Neige (fragments de)
En regardant les grands arbres s'endormir sous la neige, l'homme pensait qu'il n'avait jamais rien vu de plus triste ni de plus beau que cet effacement du monde. Les points de suspension de ses pas sur le blanc du sol s'estompaient en descendant jusqu'au ventre de la vallée. Plus haut sur la crête, le gamin traînait le gibier derrière lui ; le cadavre d'un grand lièvre roux aux yeux noirs, ficelé par les pattes arrière.
Le gamin a crié.
– Reste pas là assis par terre, le vieux ! Tu vas nous faire venir la mort !
Le vieil homme, en bas, ne pouvait plus bouger. Et son regard opaque avait rejoint l'immensité du ciel blanc. Sous son lourd manteau de laine, son cœur frappait les secondes d'une horloge fatiguée.
– Reste pas là, le vieux ! Relève-toi !
De minuscules flocons tourbillonnaient dans l'air glacé. De là-haut, le gosse voyait briller une sorte de vapeur de lumière. Juste au-dessus de la masse noire et inerte du manteau de laine.
Lorsque le grand lièvre commença à s'agiter dans une rafale de spasmes, le gamin regardait encore vers le contrebas de la crête.
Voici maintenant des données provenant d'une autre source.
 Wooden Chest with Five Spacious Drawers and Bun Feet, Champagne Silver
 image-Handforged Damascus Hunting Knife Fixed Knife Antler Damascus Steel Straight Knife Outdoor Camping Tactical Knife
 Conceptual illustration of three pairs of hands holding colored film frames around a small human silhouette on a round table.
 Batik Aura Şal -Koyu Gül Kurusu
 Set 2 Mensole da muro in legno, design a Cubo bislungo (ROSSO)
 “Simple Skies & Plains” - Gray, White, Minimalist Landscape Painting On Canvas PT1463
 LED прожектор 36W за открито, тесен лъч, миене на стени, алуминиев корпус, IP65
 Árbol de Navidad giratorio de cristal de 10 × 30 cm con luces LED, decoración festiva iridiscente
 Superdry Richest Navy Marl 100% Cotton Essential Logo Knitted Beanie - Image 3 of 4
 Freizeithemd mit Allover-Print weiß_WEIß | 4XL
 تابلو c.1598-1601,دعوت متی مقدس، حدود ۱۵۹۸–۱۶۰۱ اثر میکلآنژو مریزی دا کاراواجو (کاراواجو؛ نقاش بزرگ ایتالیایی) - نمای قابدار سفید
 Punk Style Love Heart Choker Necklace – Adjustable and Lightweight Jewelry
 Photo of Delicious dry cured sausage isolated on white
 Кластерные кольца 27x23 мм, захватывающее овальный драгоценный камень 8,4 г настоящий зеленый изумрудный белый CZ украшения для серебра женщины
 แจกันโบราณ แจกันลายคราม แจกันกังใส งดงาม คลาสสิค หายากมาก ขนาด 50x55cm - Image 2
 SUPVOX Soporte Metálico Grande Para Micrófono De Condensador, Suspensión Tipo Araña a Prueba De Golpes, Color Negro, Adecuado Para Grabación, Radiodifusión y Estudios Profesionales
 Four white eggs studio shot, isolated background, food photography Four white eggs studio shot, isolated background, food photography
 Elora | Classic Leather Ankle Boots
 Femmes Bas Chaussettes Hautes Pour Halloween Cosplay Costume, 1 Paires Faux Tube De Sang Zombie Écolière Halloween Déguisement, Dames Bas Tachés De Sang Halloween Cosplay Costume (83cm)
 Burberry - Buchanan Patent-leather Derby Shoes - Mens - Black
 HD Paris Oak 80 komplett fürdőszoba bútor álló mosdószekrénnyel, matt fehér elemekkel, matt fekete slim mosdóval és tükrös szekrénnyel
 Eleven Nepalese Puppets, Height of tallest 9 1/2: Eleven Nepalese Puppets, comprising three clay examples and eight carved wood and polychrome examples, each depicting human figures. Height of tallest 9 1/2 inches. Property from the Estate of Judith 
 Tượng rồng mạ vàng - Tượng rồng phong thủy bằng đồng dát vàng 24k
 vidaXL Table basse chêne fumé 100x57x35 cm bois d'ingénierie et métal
Il n'avait pas vu derrière lui la lueur diffuse qui enveloppa un court instant le corps de l'animal. Ce halo scintillant, presque insignifiant.
La pauvre bête frappait la neige de ses pattes arrière prisonnières. À l'autre bout de la corde, le petit homme pleurait. Il a couru jusqu'au monticule de laine noire qui recouvrait le vieux. Il a prix le fusil. Il a remonté le talus enneigé. Et il a tiré trois coups à bout portant dans le gosier du grand lièvre.
À ce moment précis, le gamin devenu vieux a vomi un hurlement de loup et la forêt s'est éteinte. Laissant la place à une nuit froide et dure. Scellée dans un néant de roche.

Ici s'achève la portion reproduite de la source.